*EXERCISE AIM*: Exactly reproduce the lines beginning with the line that includes "Pipka Stories of" and ending with the last line of the data.
(DATA FOR PROCESSING begins)
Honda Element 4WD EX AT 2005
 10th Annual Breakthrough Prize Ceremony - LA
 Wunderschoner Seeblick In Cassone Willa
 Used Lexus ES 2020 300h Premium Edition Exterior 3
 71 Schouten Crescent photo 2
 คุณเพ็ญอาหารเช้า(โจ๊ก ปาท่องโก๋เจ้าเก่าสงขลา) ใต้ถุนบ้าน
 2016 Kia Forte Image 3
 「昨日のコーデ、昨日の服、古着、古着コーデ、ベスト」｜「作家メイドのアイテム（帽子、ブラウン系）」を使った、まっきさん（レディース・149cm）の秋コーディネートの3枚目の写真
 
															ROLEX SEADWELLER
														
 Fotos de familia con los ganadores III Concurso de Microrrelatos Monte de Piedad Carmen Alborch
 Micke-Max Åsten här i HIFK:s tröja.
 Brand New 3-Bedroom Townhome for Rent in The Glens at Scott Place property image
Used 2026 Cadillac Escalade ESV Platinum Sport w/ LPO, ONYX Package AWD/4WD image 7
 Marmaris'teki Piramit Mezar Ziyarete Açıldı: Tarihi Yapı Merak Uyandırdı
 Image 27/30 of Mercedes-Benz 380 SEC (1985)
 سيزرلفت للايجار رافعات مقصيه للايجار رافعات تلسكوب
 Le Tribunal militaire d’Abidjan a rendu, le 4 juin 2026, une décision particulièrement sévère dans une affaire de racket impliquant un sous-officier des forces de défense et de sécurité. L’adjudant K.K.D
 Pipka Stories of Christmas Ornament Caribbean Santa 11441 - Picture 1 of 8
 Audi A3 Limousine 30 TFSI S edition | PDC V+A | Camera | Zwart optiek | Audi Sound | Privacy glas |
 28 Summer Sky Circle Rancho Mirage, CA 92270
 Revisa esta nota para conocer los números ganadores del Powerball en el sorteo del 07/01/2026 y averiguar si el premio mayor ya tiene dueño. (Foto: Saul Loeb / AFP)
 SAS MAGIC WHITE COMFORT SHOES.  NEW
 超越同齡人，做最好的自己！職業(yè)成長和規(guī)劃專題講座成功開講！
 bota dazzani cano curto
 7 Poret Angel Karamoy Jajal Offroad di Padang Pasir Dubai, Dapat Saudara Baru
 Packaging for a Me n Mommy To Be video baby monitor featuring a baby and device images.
(DATA FOR PROCESSING ends)
*RESPONSE AREA*:
 Pipka Stories of Christmas Ornament Caribbean Santa 11441 - Picture 1 of 8
 Audi A3 Limousine 30 TFSI S edition | PDC V+A | Camera | Zwart optiek | Audi Sound | Privacy glas |
 28 Summer Sky Circle Rancho Mirage, CA 92270
 Revisa esta nota para conocer los números ganadores del Powerball en el sorteo del 07/01/2026 y averiguar si el premio mayor ya tiene dueño. (Foto: Saul Loeb / AFP)
 SAS MAGIC WHITE COMFORT SHOES.  NEW
 超越同齡人，做最好的自己！職業(yè)成長和規(guī)劃專題講座成功開講！
 bota dazzani cano curto
 7 Poret Angel Karamoy Jajal Offroad di Padang Pasir Dubai, Dapat Saudara Baru
 Packaging for a Me n Mommy To Be video baby monitor featuring a baby and device images.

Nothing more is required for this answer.